Highly resonant wireless power transfer: Safe, efficient, and over distance.
The idea of transmitting power through the air has been around for over a century, with Nikola Tesla’s pioneering ideas and experiments perhaps being the most well-known early attempts to do so [1]. He had a vision of wirelessly distributing power over large distances using the earth’s ionosphere. Most approaches to wireless power transfer use an electromagnetic (EM) field of some frequency as the means by which the energy is transferred. At the high frequency end of the spectrum are optical techniques that use lasers to send power via a collimated beam of light to a remote detector where the received photons are converted to electrical energy. Efficient transmission over large distances is possible with this approach; however, complicated pointing and tracking mechanisms are needed to maintain proper alignment between moving transmitters and/or receivers. In addition, objects that get between the transmitter and receiver can block the beam, interrupting the power transmission and, depending on the power level, possibly causing harm.
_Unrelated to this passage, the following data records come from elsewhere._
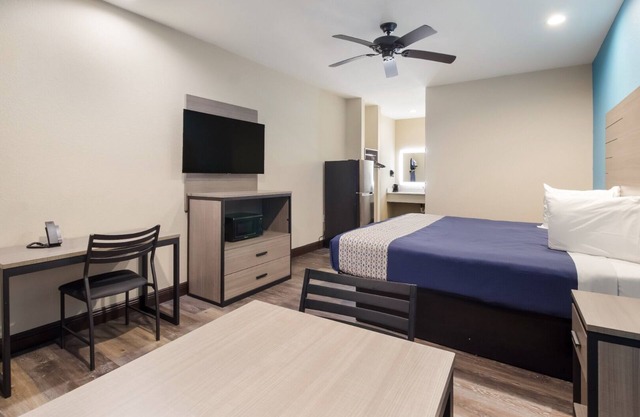 Budget-friendly King Non-Smoking Room, Scottish Inns, Free Breakfast & Parking
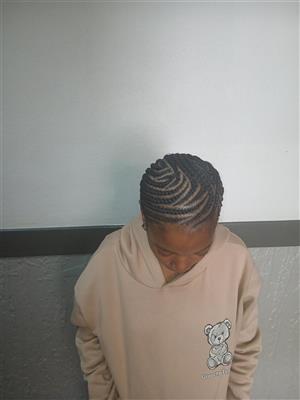 Knotless braids waistlength   hairpiece included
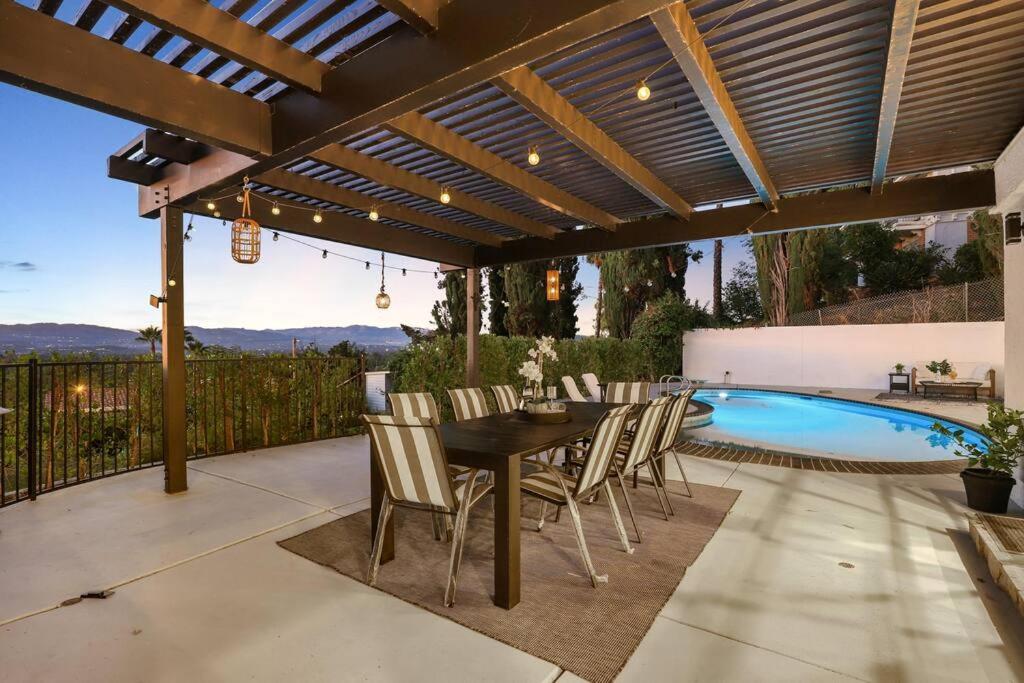 Modern Farmhouse with Panoramic Hill Views, Heated Salt Water Pool, Hot Tub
At microwave frequencies, a similar approach can be used to efficiently transmit power over large distances using the radiated EM field from appropriate antennas [2]. However, similar caveats about safety and system complexity apply for these radiative approaches.
It is also possible to transmit power using non-radiative fields. As an example, the operation of a transformer can be considered a form of wireless power transfer since it uses the principle of magnetic induction to transfer energy from a primary coil to a secondary coil without a direct electrical connection. Inductive chargers, such as those found commonly in electric toothbrushes, operate on this same principle. However, for these systems to operate efficiently, the primary coil (source) and secondary coil (device) must be in close proximity and carefully positioned with respect to one another. From a technical point of view, this means the magnetic coupling between the source and device coils must be large for proper operation.
But what about going over somewhat larger distances or having more freedom in positioning the source and device relative to each other? That’s the question that a group at the Massachusetts Institute of Technology (MIT) asked themselves. They explored many techniques for transmitting power over “mid-range” distances and arrived at a non-radiative approach that uses resonance to enhance the efficiency of the energy transfer (see Physics of Highly Resonant Power Transfer for details) [3]-[6]. High quality factor resonators enable efficient energy transfer at lower coupling rates, i.e., at greater distances and/or with more positional freedom than is otherwise possible (and therefore, this approach is sometimes referred to as “highly resonant” wireless energy transfer or “highly resonant” wireless power transfer (HR-WPT)). The MIT team demonstrated the highly resonant technique using a magnetic field to transfer energy over a mid-range distance of 2 meters, and an industry was born. In some instances, this technology is also referred to as “magnetic resonance”, and it is often contrasted to “induction” for its ability to efficiently transfer power over a range of distances and with positional and orientational offsets. Since that initial demonstration, the use of HR-WPT, or magnetic resonance, has enabled efficient wireless energy transfer in a wide range of applications that was not possible before.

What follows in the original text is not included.